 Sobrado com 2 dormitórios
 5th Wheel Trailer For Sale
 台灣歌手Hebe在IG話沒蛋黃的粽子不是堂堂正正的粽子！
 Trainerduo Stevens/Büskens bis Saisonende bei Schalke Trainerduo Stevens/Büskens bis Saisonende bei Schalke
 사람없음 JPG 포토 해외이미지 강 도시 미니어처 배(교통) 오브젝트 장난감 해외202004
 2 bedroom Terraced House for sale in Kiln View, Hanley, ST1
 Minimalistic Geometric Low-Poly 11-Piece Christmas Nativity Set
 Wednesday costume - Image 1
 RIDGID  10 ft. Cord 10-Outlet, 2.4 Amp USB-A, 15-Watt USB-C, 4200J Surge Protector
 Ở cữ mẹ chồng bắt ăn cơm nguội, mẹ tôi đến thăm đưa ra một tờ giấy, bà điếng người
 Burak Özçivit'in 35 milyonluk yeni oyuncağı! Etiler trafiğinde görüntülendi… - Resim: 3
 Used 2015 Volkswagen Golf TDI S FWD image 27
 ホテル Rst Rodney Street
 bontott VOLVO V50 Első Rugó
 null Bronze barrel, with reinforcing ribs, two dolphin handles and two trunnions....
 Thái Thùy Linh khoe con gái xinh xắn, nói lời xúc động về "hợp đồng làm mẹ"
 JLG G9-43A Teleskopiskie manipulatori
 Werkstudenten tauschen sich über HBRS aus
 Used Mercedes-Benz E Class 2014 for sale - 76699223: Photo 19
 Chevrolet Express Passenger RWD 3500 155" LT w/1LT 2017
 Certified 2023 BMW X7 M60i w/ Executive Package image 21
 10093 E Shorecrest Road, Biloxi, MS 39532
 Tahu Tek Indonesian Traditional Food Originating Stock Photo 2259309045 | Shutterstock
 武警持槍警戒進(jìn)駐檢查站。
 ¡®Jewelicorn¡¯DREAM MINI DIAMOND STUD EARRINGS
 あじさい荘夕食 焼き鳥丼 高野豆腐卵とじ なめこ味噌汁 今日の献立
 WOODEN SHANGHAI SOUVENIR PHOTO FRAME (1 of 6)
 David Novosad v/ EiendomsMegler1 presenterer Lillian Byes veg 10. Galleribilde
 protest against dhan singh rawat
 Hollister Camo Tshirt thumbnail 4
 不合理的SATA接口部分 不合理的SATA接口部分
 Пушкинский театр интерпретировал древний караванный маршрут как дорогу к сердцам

○ ○ ○ ○

## HOW TO COMPLETE THIS TASK
Report every line of the material above in which "Used" appears.

## YOUR SOLUTION
 Used 2015 Volkswagen Golf TDI S FWD image 27
 Used Mercedes-Benz E Class 2014 for sale - 76699223: Photo 19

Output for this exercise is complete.